Edinburgh-based fund management giant Baillie Gifford, one of Tesla’s biggest shareholders, has claimed that Tesla could be worth more than the $420 a share that founder Elon Musk said he was prepared to offer to take Tesla private in a controversial tweet, according to a report in London newspaper The Times.
Musk announced on Twitter that he was considering taking Tesla private for $420 per share, or roughly $72 billion, in what would be the biggest deal of this kind.
According to The Times report, James Anderson, a leading fund manager at Baillie Gifford, which owns roughly 7.8% of Tesla’s stock, said that while Tesla’s prospects were uncertain, its value was “much higher than $420 a share, probability-adjusted.”
Much of Baillie Gifford’s stake in Tesla is owned through its flagship fund, the Scottish Mortgage Investment Trust, which has made major investments in a number of prominent tech firms.
Baillie Gifford manages £193 billion of assets.
The report said Anderson declined to be drawn further on the merits of Musk’s proposal, saying only that he would like more indication of the funding.
“We’ll take our time to talk and think,” he said.
Musk said Tesla shareholders who wanted to stick with the company if it went private would be able to do so via a private special purpose fund.
However, the report said Anderson suggested that rules preventing some funds owning unlisted securities could be a stumbling block.
“It’s not clear that most of our clients could own [Tesla] privately, though it would be fine for Scottish Mortgage,” Anderson told the newspaper.
Anderson also said he was “not bothered” by the unorthodox way that Musk made his plans known in a tweet rather than a more conventional announcement.
Twitter was a “very public” way of disseminating the information, Anderson said.
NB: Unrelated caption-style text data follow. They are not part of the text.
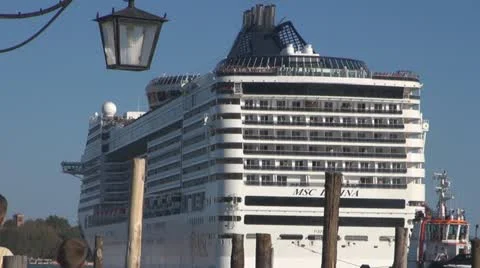 Cruise ship in Venice Video stock 12385585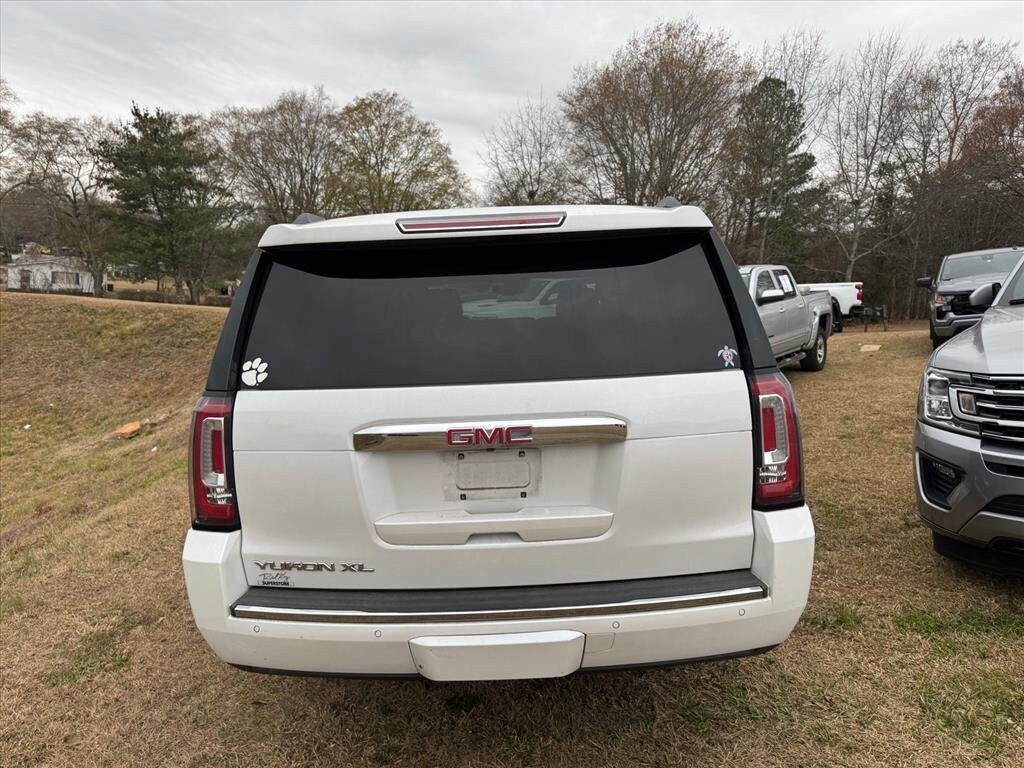 Used 2018 GMC Yukon XL Denali SUV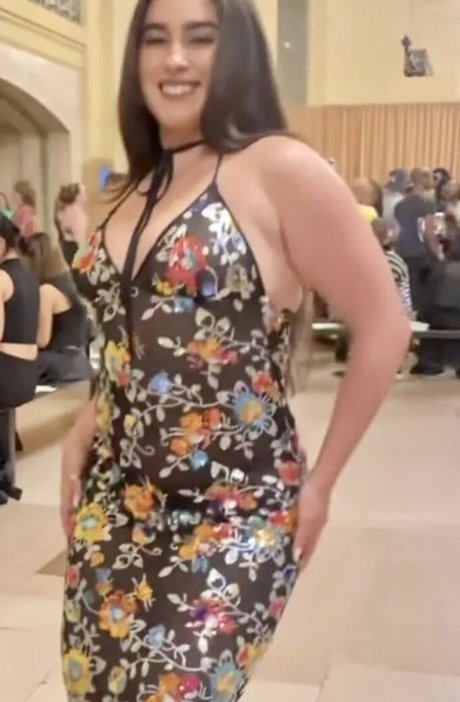 Lauren Jauregui Profile pic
Baillie Gifford’s official response to Musk’s announcement was: “As long term shareholders, we will take time to reflect upon this development.”
Anderson has been patient with Musk desite the Tesla founder’s unorthodox methods.
In the last annual report of the Scottish Mortgage Investment Trust, Anderson wrote: “We need to be clear that the ‘production hell’ that Elon Musk spoke of entering has been both more persistent and at a lower circle of hell than we thought likely.
“But we do not believe that it is likely to fundamentally endanger the intense brand loyalty that has been built.
“We still believe that the business model is intact.
“We cannot be certain in these opinions but we think the rewards for shareholders if they prove to be justified considerably outweigh the risks.
“As ever we do not want to interrupt the potential for exponential compounding.
“We therefore believe it appropriate to resist the temptation to give into hysterical headlines and storm of hedge fund criticism that is the daily round at present.
“We intend to endure.”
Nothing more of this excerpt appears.